Guben erprobt das Kirchenasyl

Familie Nguyen ist ein Musterbeispiel an Integration. Trotzdem sollen die vier Nguyens morgen nach Vietnam abgeschoben werden. Nun erhalten sie Kirchenasyl – in der Stadt, in der einst ein Algerier zu Tode gehetzt wurde

BERLIN taz ■ Von kurzen Aufenthalten in Vietnam abgesehen, lebt Ba Tan Nguyen seit 22 Jahren in Deutschland. Wenn es nach dem Landratsamt Spree-Neiße geht, soll der mit seiner Familie in Guben wohnende Bauingenieur am Mittwoch abgeschoben werden. Trotz Protesten von SPD und CDU-Kommunalpolitikern und Unterschriften von mehr als 800 Gubenern hielt Landrat Dieter Friese (SPD) gestern an dieser Entscheidung fest. Einen ersten Ausreisetermin am Sonntag hatte die Familie verstreichen lassen und sich stattdessen an die evangelische Kirchengemeinde von Guben gewandt. Die gewährt den Nguyens nun Kirchenasyl. „Wir wünschen uns, dass die Familie bleiben kann“, sagte Pfarrer Rudolf Zörner gegenüber der taz. Für die Gemeinde ist es das erste Kirchenasyl. Mit Hilfe von Privatpersonen wurde die Familie an einem sicheren Ort untergebracht.

Der Pfarrer findet es unverständlich, dass Landrat Friese „seinen Ermessensspielraum in einem Einzelfall nicht nutzt“, der auch bei Landespolitikern Betroffenheit ausgelöst habe. Schließlich sei die Familie Nguyen ein Beispiel gelungener Integration und das Engagement vieler Bürger in diesem Fall ein wichtiges Zeichen „gegen den weitverbreiteten Ruf der Ausländerfeindlichkeit von Guben“.

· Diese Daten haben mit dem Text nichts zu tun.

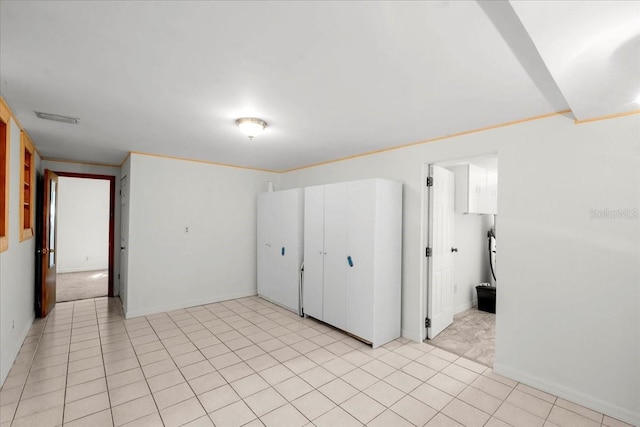 unfurnished room featuring visible vents, baseboards, and light tile patterned flooring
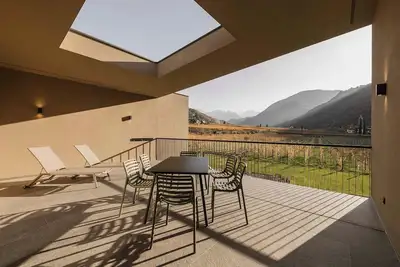Image de Appartement Trianglhof 'Rosengarten' avec vue sur les montagnes et terrasse rooftop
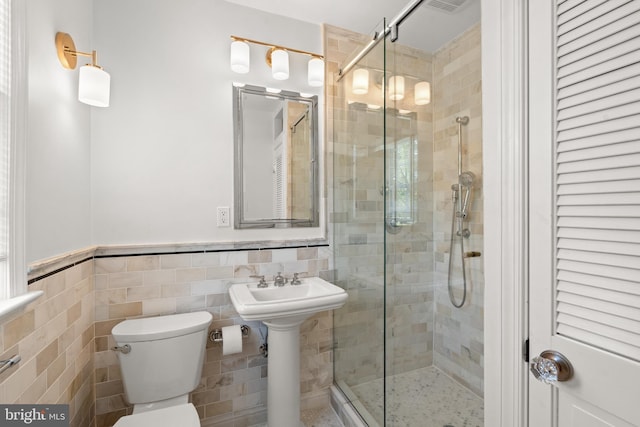 3517 Woodbine St, Chevy Chase, MD 20815 - bathroom with a sink, toilet, a wainscoted wall, tile walls, and a stall shower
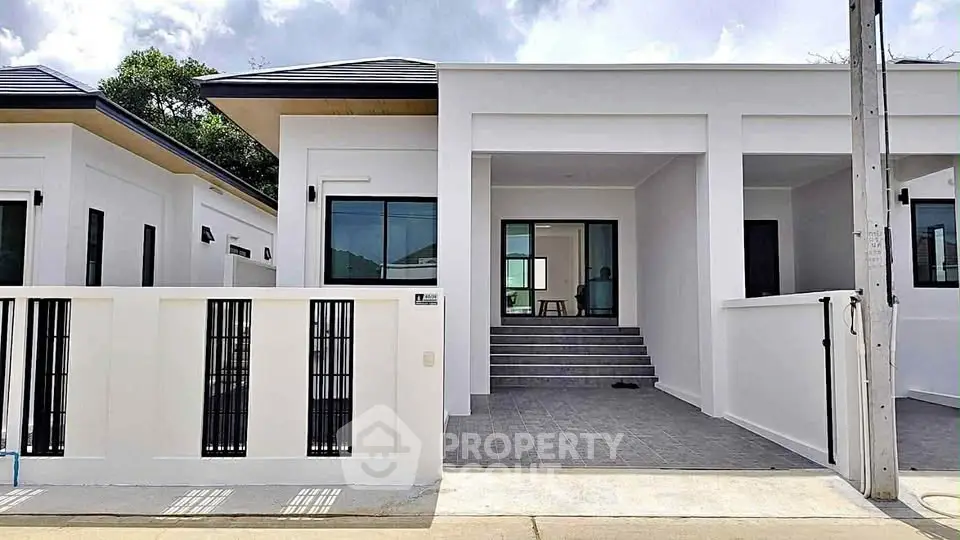Modern minimalist white house exterior with clean lines and large windows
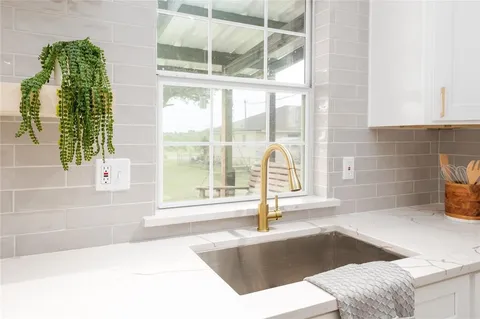 a view of a bathroom with a tub and window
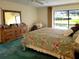 Bedroom featuring view of the pool, dresser, queen bed, and neutral walls at 3200 Sandy Ridge Dr, Clearwater, FL 33761
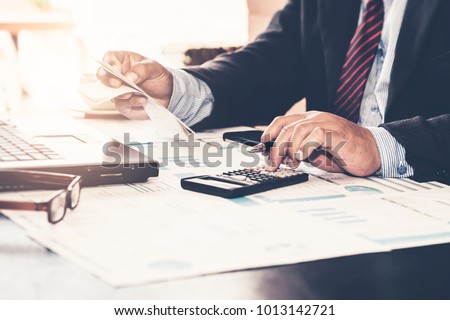 A business man using calculator for calculate expenses bills in his workplace. Business concept.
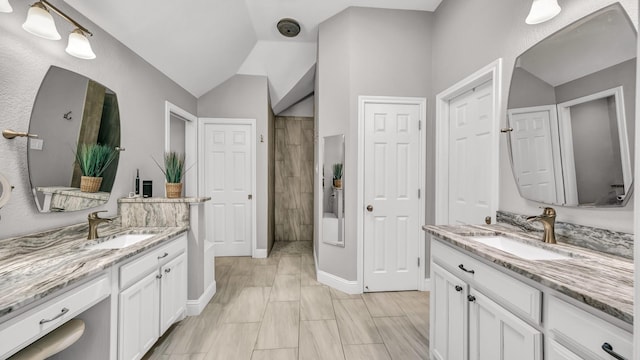 bathroom featuring two vanities, lofted ceiling, and a sink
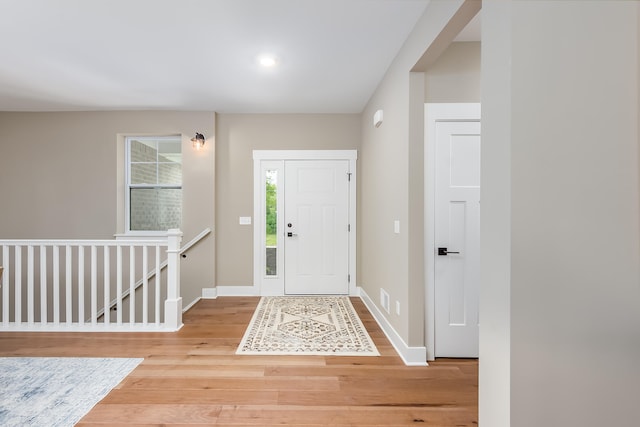 entrance foyer featuring hardwood / wood-style floors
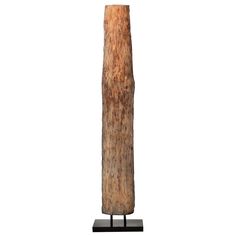 a tall wooden object on a black stand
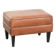 Handy sheepskin ottoman with warm colours finished with black piping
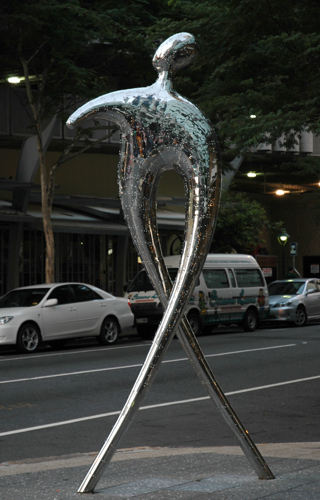 there is a very shiny statue that is on the street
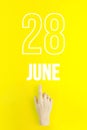 June 28th. Day 28 of month, Calendar date.Hand finger pointing at a calendar date on yellow background.Summer month, day of the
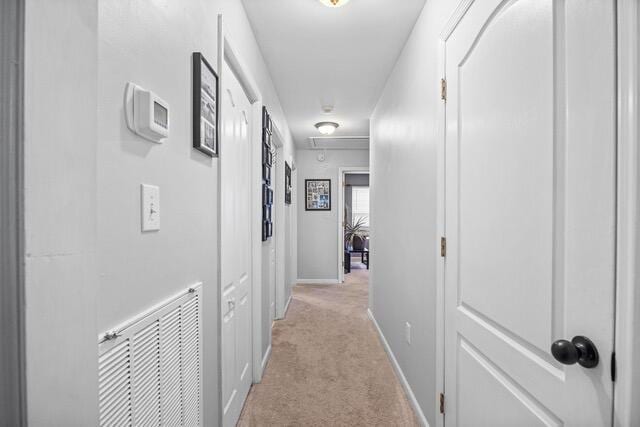 hall featuring light colored carpet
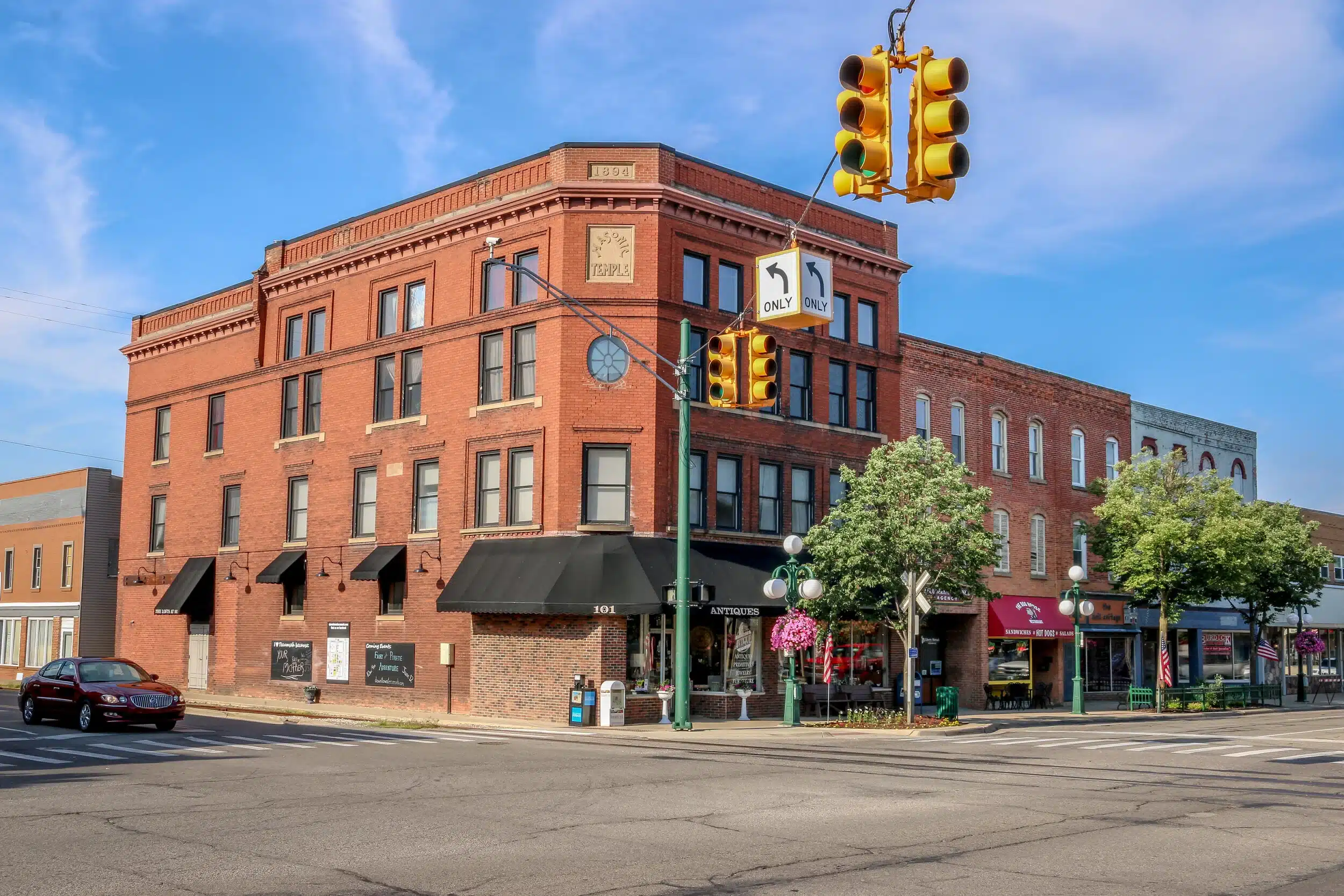 a close up of a street in front of a brick building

1973 kam der heute 47-jährige Ba Tan Nguyen zum Architektur- und Bauwesenstudium nach Weimar. Nach erfolgreichem Abschluss arbeitete er drei Jahre in einem Erfurter Kombinat und ging dann nach Vietnam zurück. Ein Doktorrandenstipendium des Deutschen Akademischen Austauschdienstes führte ihn 1986 an die Technische Hochschule in Aachen. Als promovierter Bauingenieur zog Ba Tan Nguyen Anfang der 90er-Jahre dann gemeinsam mit seiner Familie nach Guben. Der 17-jährige Sohn ist Schülersprecher in der 10. Klasse eines Gubener Gymnasiums, das jüngere Kind wurde in Deutschland geboren. Die Anstellung des Bauingenieurs in einem Ingenieurbüro endete im Juli nur, weil die Ausländerbehörde da schon die so genannte freiwilligen Ausreise angeordnete hatte.

Die aktuelle Altfallregelung gilt für die Familie nicht, da Ba Tan Nguyen zu Studienzwecken nach Deutschland eingereist ist und die Familie in den letzten drei Jahren nur noch eine Duldung bekam. In jüngster Zeit hat der Flüchtlingsrat Brandenburg kritisiert, dass die Altfallregelung in Brandenburg besonders restriktiv gehandhabt würde. Im vergangenen Jahr hatte eine evangelische Kirchengemeinde deshalb einer betroffenen vietnamesischen Familie ebenfalls Kirchenasyl gewährt.

„Wenn das neue Zuwanderungsgesetz schon in Kraft wäre, könnten die Nguyens in Guben bleiben“, meint Pfarrer Zörner. Nun soll das Kirchenasyl den Spielraum für eine Lösung schaffen und die Einsicht beim Landrat fördern. Im Jugendclub „Fabrik e.V.“ werden derweil Spenden gesammelt und Aktionen vorbereitet. Unter anderem soll Bundeskanzler Gerhard Schröder (SPD) bei seinem Besuch in der Stadt über das Schicksal der Nguyens informiert werden. Und in der Stadtverordnetenversammlung setzt sich eine große Koalition von SPD- und CDU-Parlamentarierern sowie der Bürgermeister für den Verbleib der Familie ein. Nach der fünften Schändung des Mahnmals für den im Februar 1999 in Guben zu Tode gehetzten algerischen Asylbewerber Farid Gouendoul an diesem Wochenende geht es schließlich auch um den guten Ruf der Stadt.